Apr
2011
Hello Spring! Bulgur and Chickpea Salad
Celebrate spring with this easy weeknight salad, perfect as a light dinner or side dish. I received this lettuce and spinach in our CSA this week and wanted to use them in a hearty salad. Light, lemony and colorful and easy to throw together. Make more than you will need- the leftovers were perfect the next day for lunch.

Ingredients:
1 cup uncooked Bulgur
1 can chickpeas, drained and rinsed
1/2 english cucumber, chopped
1/2 cup roasted red peppers, chopped
1 tsp. cumin
1 tsp. dill
2 tbsp. chopped fresh mint
1/2 cup parsley, finely chopped
1 lemon, juiced and zested
1/4 cup olive oil
lettuce leaves
spinach leaves
Place the bulgur into a large bowl and add 2 cups hot water. Let sit for 30 minutes until the bulgur is tender. In a seperate bowl, combine the beans, cucumber & red pepper. Add the cooked and cooled bulgur to the vegetable mixture and combine.
Make the dressing: combine the lemon juice, zest, cumin, dill together and slowly drizzle in olive oil.

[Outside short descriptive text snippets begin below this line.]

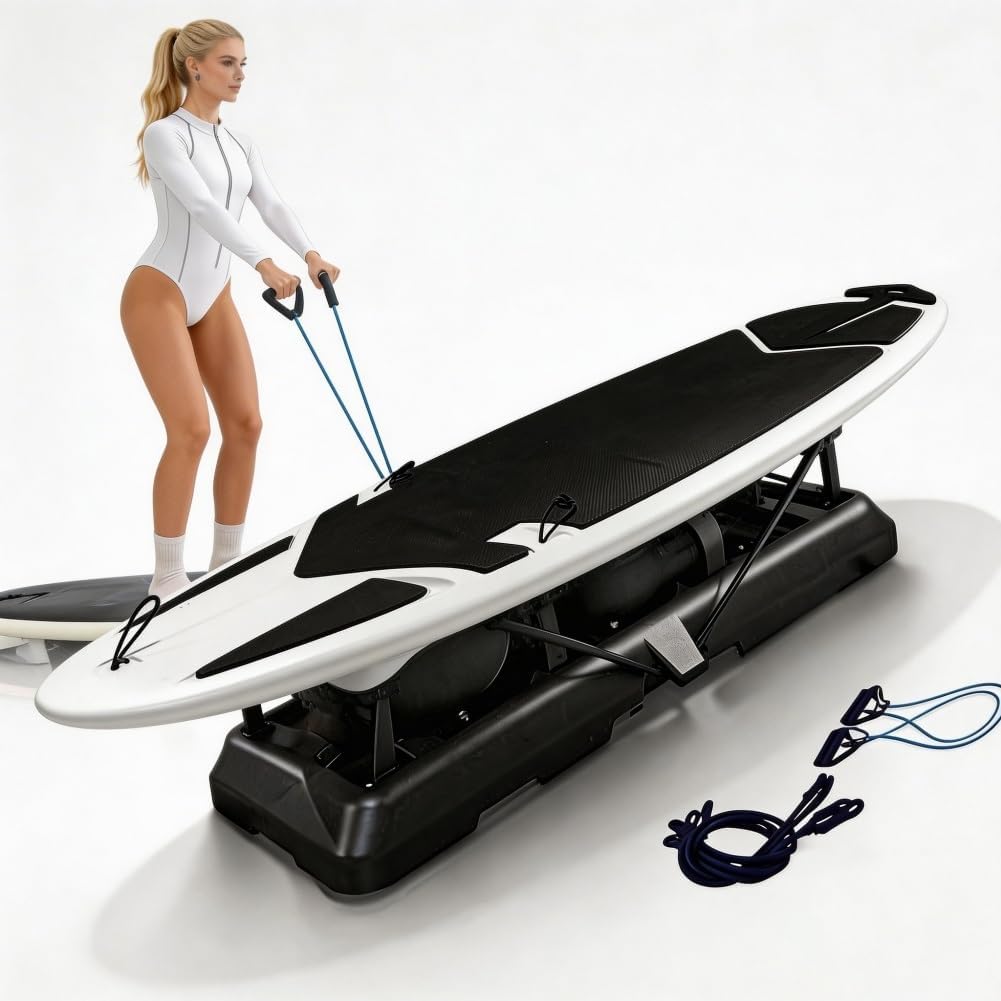 楽天市場】サーフィン トレーニング ボードの通販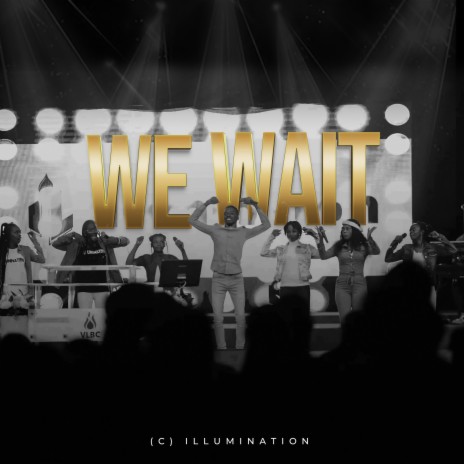 We Wait (Extended Version) | Boomplay Music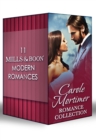 Image for Carole Mortimer romance collection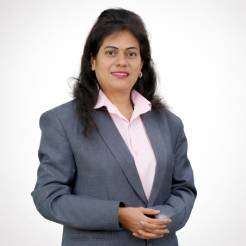 Dr. Chitralekha Avinash Pawar
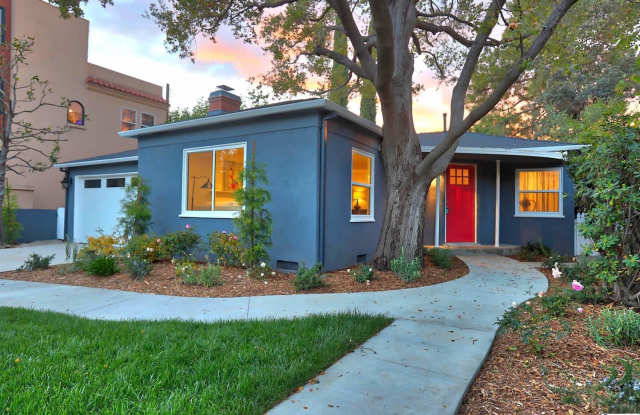 4415 Strohm Avenue - 4415 Strohm Avenue, Los Angeles, CA 91602
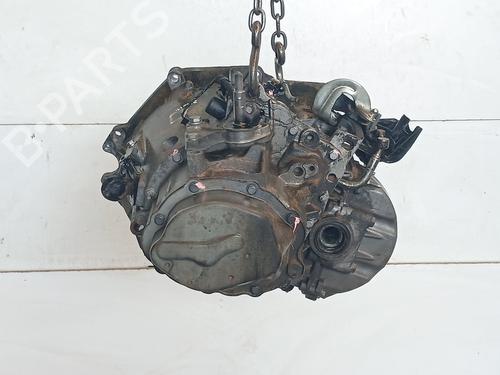 Gearbox PEUGEOT PARTNER Box Body/MPV 1.6 HDi / BlueHDi 75 | BP34519171M3 - Image 5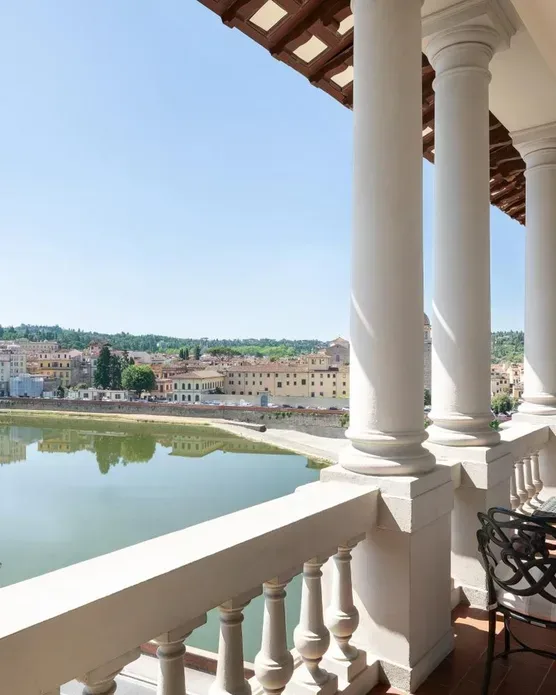 The St. Regis Florence, photo 7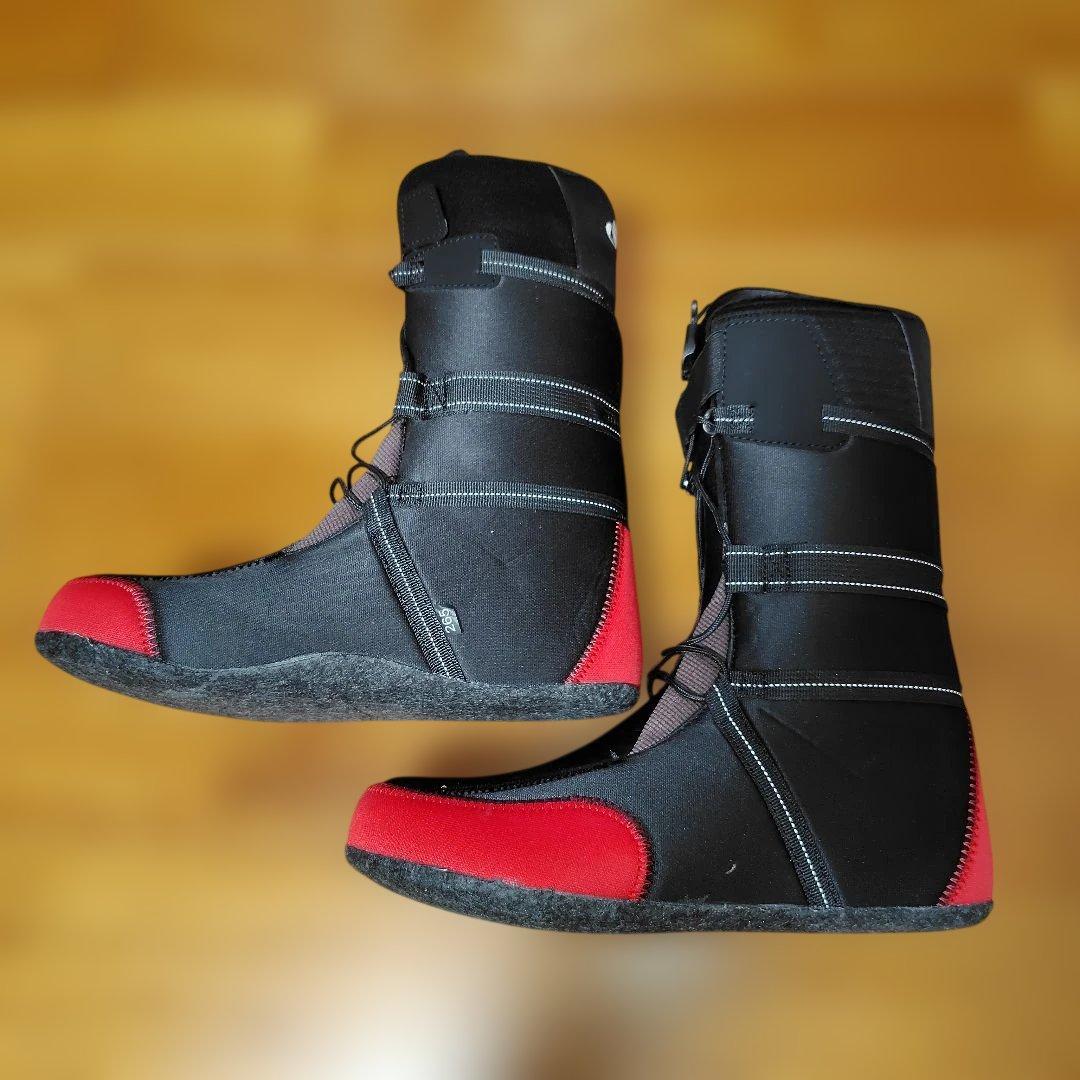 HEAD スノボブーツ THREE LYT BOA FOCUS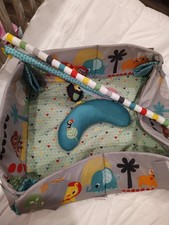 Baby play gym for sale  Elgin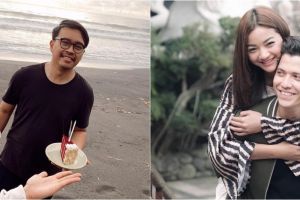 Momen mesra 7 pemain Ikatan Cinta dan pasangan, ibu Andin baru dilamar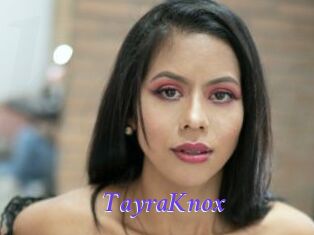 TayraKnox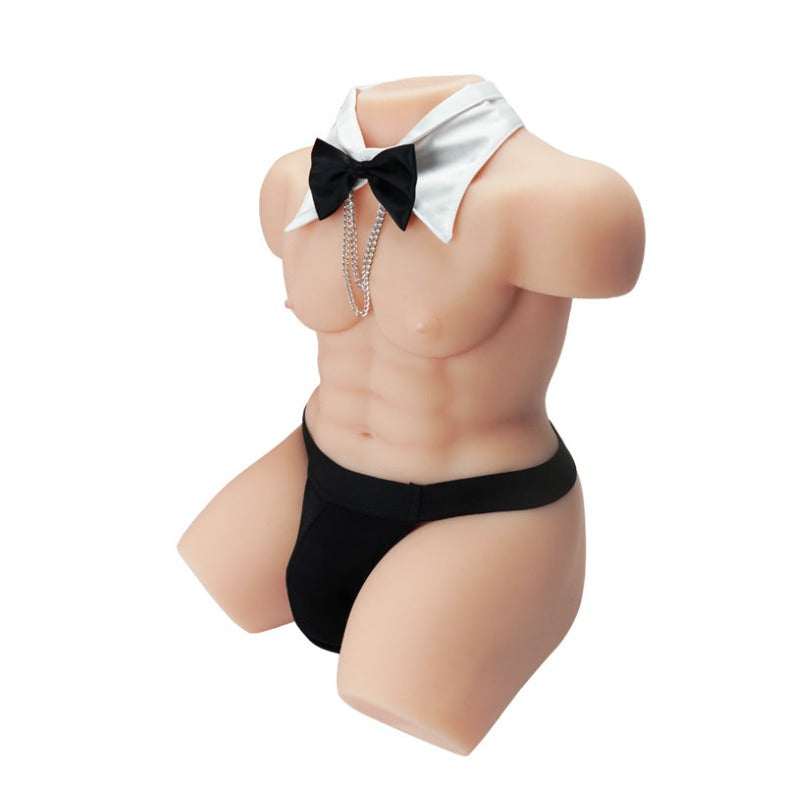 Channing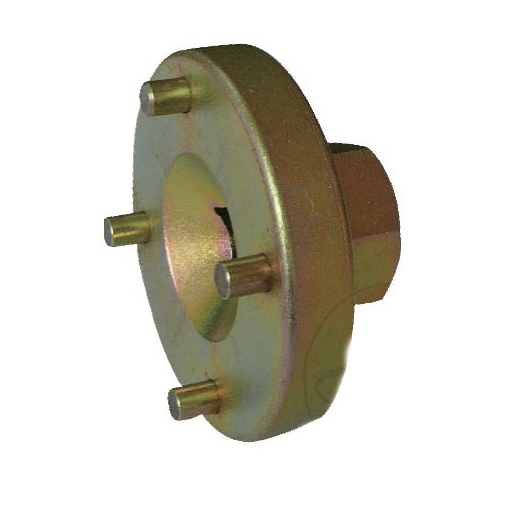 Slotted Nut Wrench 37/47 mm For Honda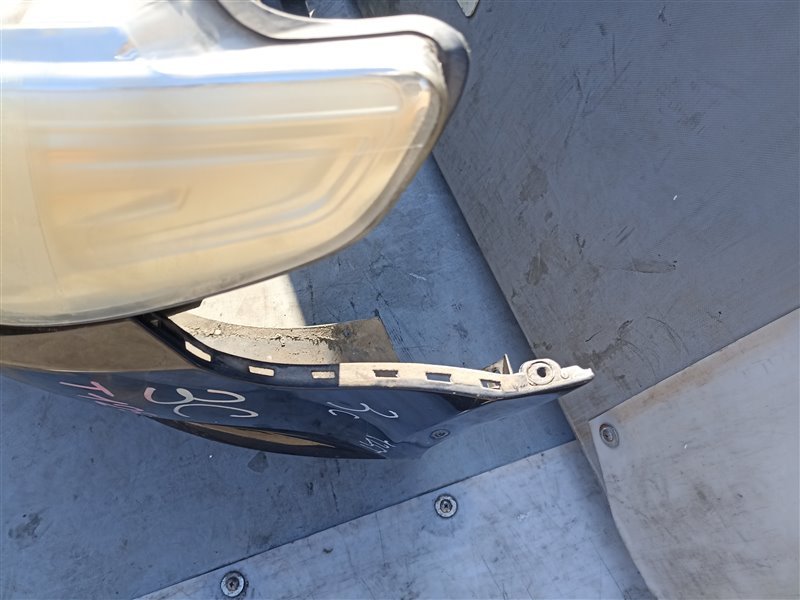 Nose cut VOLKSWAGEN PASSAT CC 358 BWS (б/у) Nose cut VOLKSWAGEN PASSAT CC 358 BWS (б/у)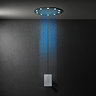 Cruze 400mm LED Round Shower Package with Concealed Valve Large Image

Whisk together until a vinegerrette forms. Pour over the salad, add the chopped parsley and stir to combine. Let sit for 15 minutes before serving.
Place lettuce and/or spinach leaves on a plate or plater and top with 1 cup of salad.
Enjoy! What are your favorite weeknight meals?


Kristy
April 5, 2011 at 6:24 pm (806 days ago)This sounds so good and healthy! I will definitely be making this soon! Thank you so much foe sharing!
Morgan
April 6, 2011 at 11:39 am (805 days ago)This looks totally delicious and very healthy! My kind of food for sure! People often dont realize how these types of meals not only taste great, but are super healhty and cheap. Love it!
Alysa (InspiredRD)
April 6, 2011 at 12:46 pm (805 days ago)How delicious, colorful and easy! I love salads like this. Thanks for the recipe!
Dayna
April 15, 2011 at 10:16 am (796 days ago)I made this last night. It’s so good! I didn’t have mint or parsley, but I think the lemony flavor really makes this salad. And it is even better the next day!